The trick then is to use the result of the first obfuscation (level #0) as input for the next level of obfuscation and on and on. You can continue to make “passes” on the original expression to arrive at an expression that is more and more complex (and with many more nodes!). Everything has a price, however: increasing the level of obfuscation increases both time (it takes longer to traverse the tree and rewrite) and space (the abstract syntax tree takes up more bytes, trivially). For reasons unknown to me, on large expressions, the project struggles to apply transformations.

To check whether an obfuscated expression is semantically the same as the original expression, I wrote a simple interpreter that involves evaluating the expression as a kind of calculator. If the result obtained from evaluating the obfuscated expression is equal to the result of the original expression, then the transformation is valid and the expression has been obfuscated correctly. The value of the SET is determined by the value in the ASCII table of the SET name (e.g. ‘A’ is 65).
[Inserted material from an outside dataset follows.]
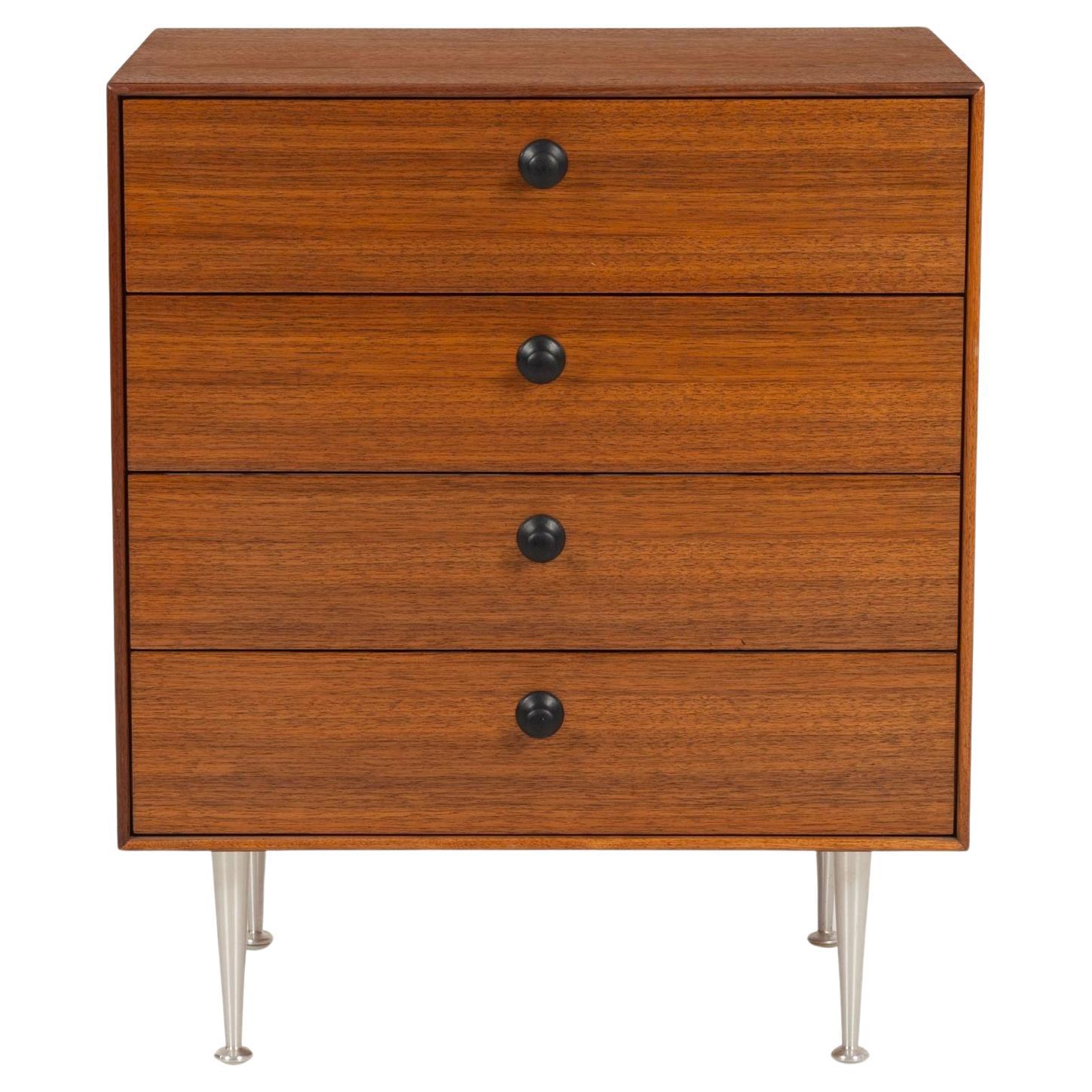 George Nelson for Herman Miller 4-Drawer Thin Edge Cabinet with Rare Pulls (Armoire à 4 tiroirs à bord fin et à poignées rares)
The project is written in Rust using the Pest parser. Pest allows you to write a grammar using the syntax for parser expression grammars (PEG). The language grammar is available in the file `src/grammar.pest`

and describes the type of expressions accepted within the program. Here we summarize a couple of rules:

- an expression consists of one or a series of logical and arimetic operations described as follows:
- binary operations:
`SET OP SET`

, where SET is a letter of the ASCII alphabet while OP is between - (subtraction), + (addition), | (OR), & (AND), ^ (XOR) - unary operation: OP SET, where SET is a letter of the ASCII alphabet while OP is between ~ (NOT) and - (negation operation)

- binary operations:

To compile the project simply use the `cargo build`

command, you will find the binary inside `./target/debug/mfa`

. To run it instead `cargo run`

.

The name POCKET (“pocket” in Italian) comes from an everyday life pill. How many times have we happened to insert a skein of a wire (earphones, charger) inside a pocket and after pulling it out we found ourselves with a wire to unravel? Too many times.

Here, let’s imagine we have an expression (the thread) and we want to make it more complex to visualize. We can use POCKET (pocket) to have a more complex expression in a magical way. We simply insert it in and after a handful of microseconds we have our more complex expression.

Whatever, I had no other titles and this seemed like a good idea.